### What you need to do
Without the pictures, repeat all of the data exactly as it appears below.

*** Records provided

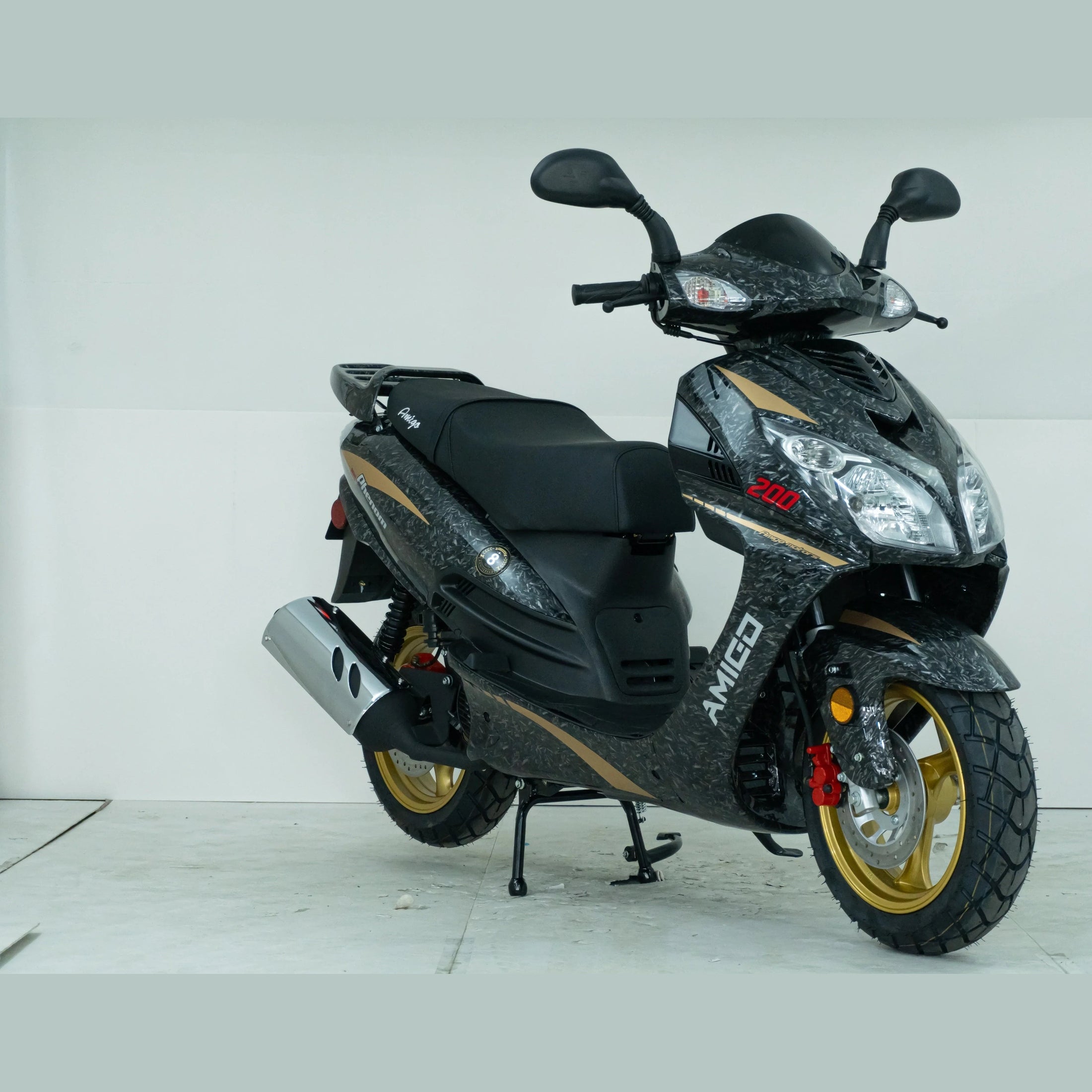 Black and gold Amigo 200cc scooter with dual headlights and sporty tires in a studio setting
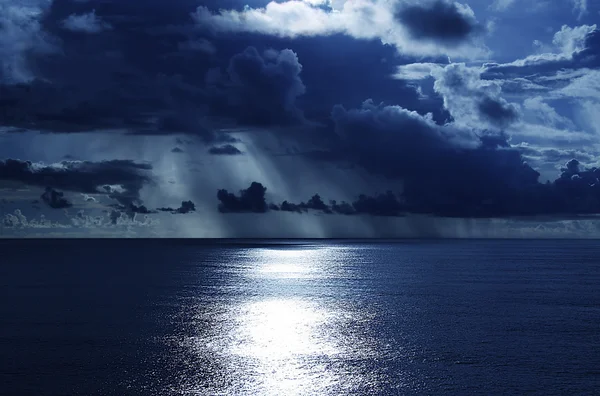 Regn och solsken över havet Stockbild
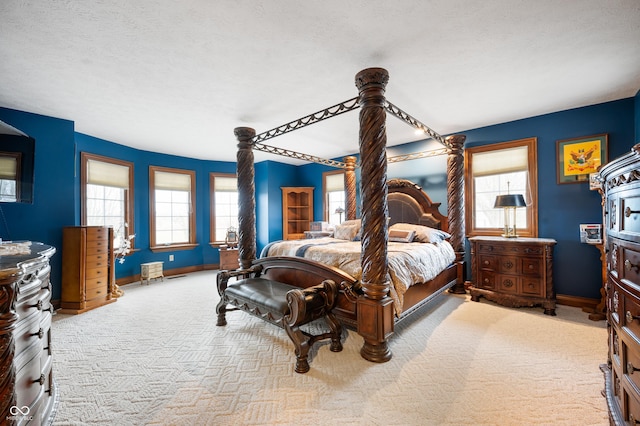 carpeted bedroom featuring multiple windows, a textured ceiling, and baseboards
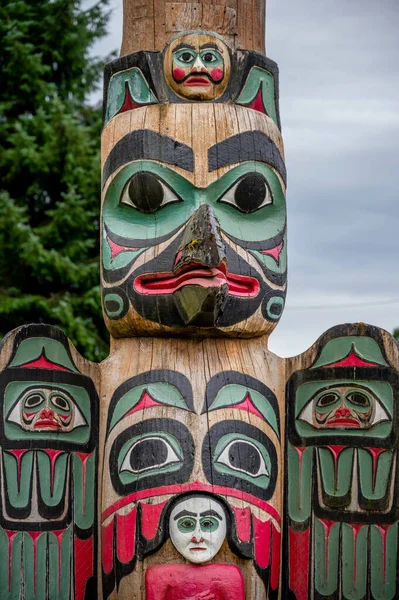 Saxman, Alaska - July 29, 2022: Tlinget totem poles, long house and traditional art.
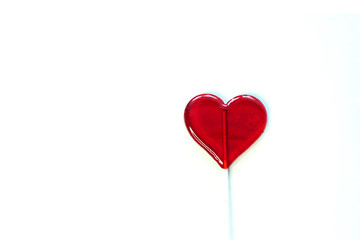 Fototapeta na wymiar red heart shaped lollipop isolated on a white background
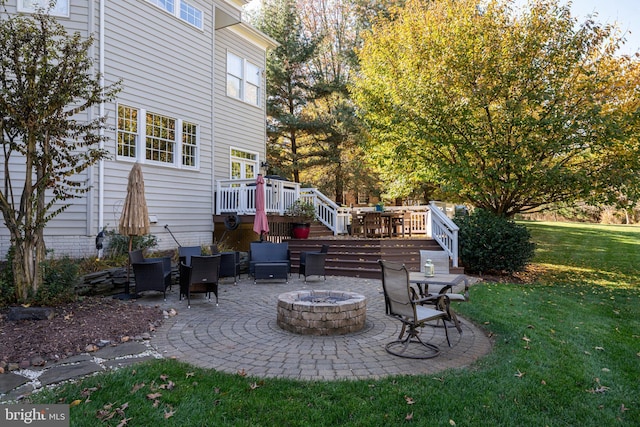 view of patio featuring an outdoor fire pit, a deck, and stairs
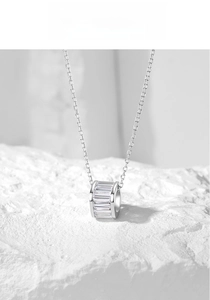 Macro shot of S925 silver necklace with baguette-cut zircon cylinder pendant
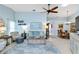 Open-concept living room flows into a dining area, perfect for entertaining at 613 Chestnut Ln, Englewood, FL 34223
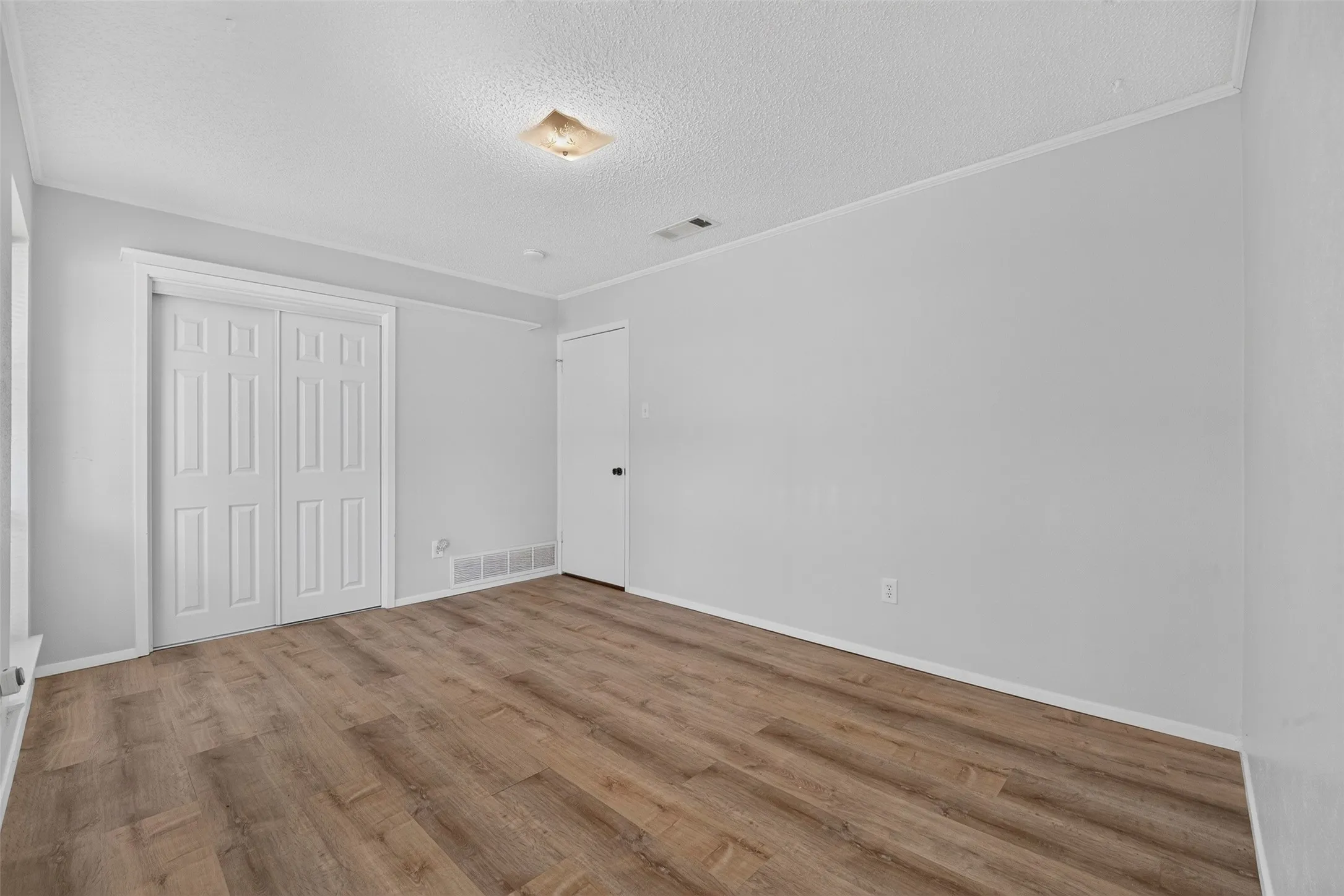 Wood-finish flooring, white paneled bifold closet doors, light neutral wall paint, and overhead flush-mount lighting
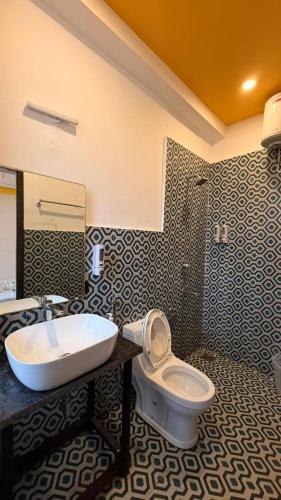a bathroom with a sink and a toilet at Hillora Coastal Resort Goa in Arpora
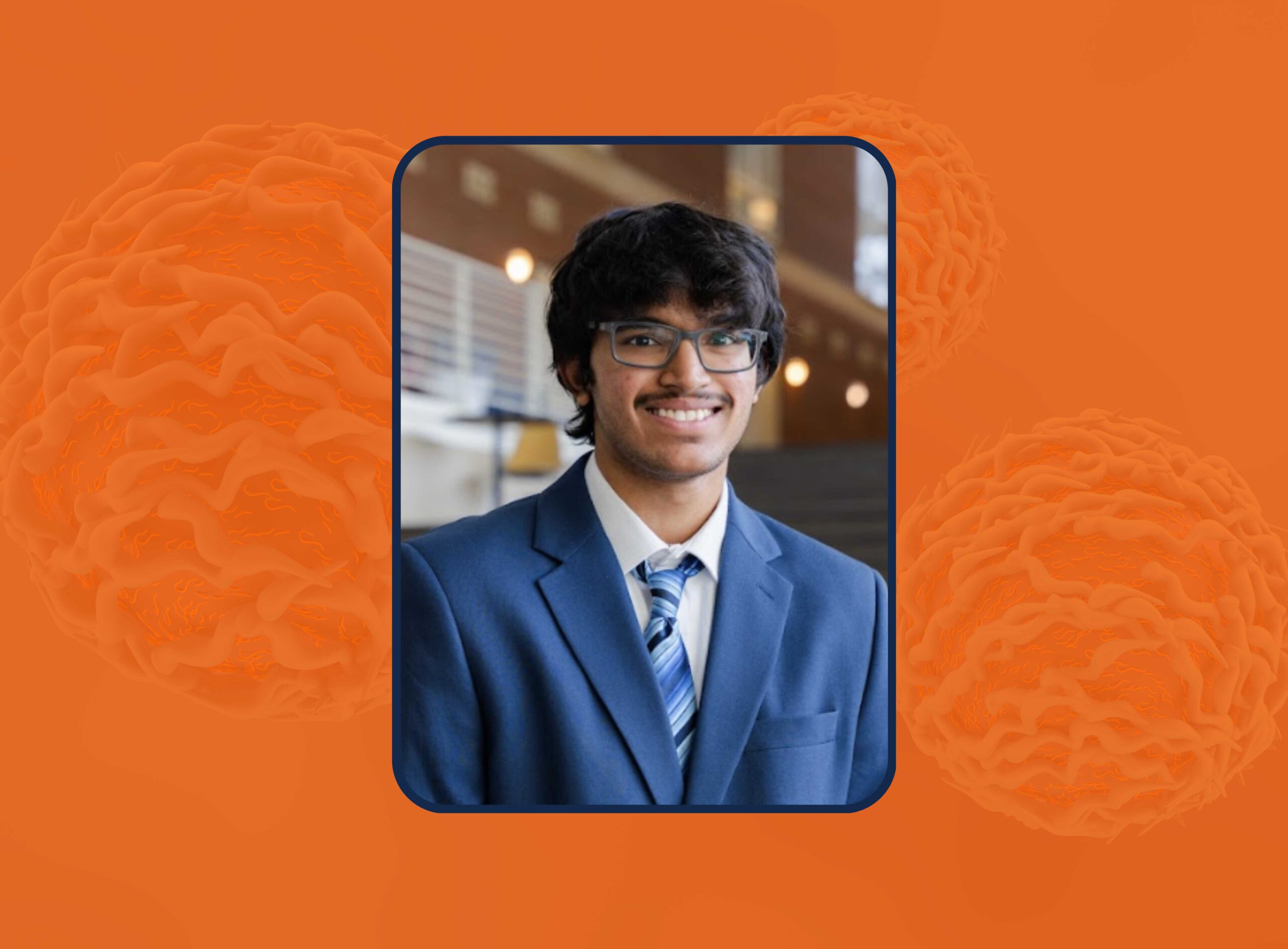 A student wearing a suit smiles at the camera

******

### Exercise solution
 Black and gold Amigo 200cc scooter with dual headlights and sporty tires in a studio setting
 Regn och solsken över havet Stockbild
 carpeted bedroom featuring multiple windows, a textured ceiling, and baseboards
 Saxman, Alaska - July 29, 2022: Tlinget totem poles, long house and traditional art.
 Fototapeta na wymiar red heart shaped lollipop isolated on a white background
 view of patio featuring an outdoor fire pit, a deck, and stairs
 Macro shot of S925 silver necklace with baguette-cut zircon cylinder pendant
 Open-concept living room flows into a dining area, perfect for entertaining at 613 Chestnut Ln, Englewood, FL 34223
 Wood-finish flooring, white paneled bifold closet doors, light neutral wall paint, and overhead flush-mount lighting
a bathroom with a sink and a toilet at Hillora Coastal Resort Goa in Arpora
 A student wearing a suit smiles at the camera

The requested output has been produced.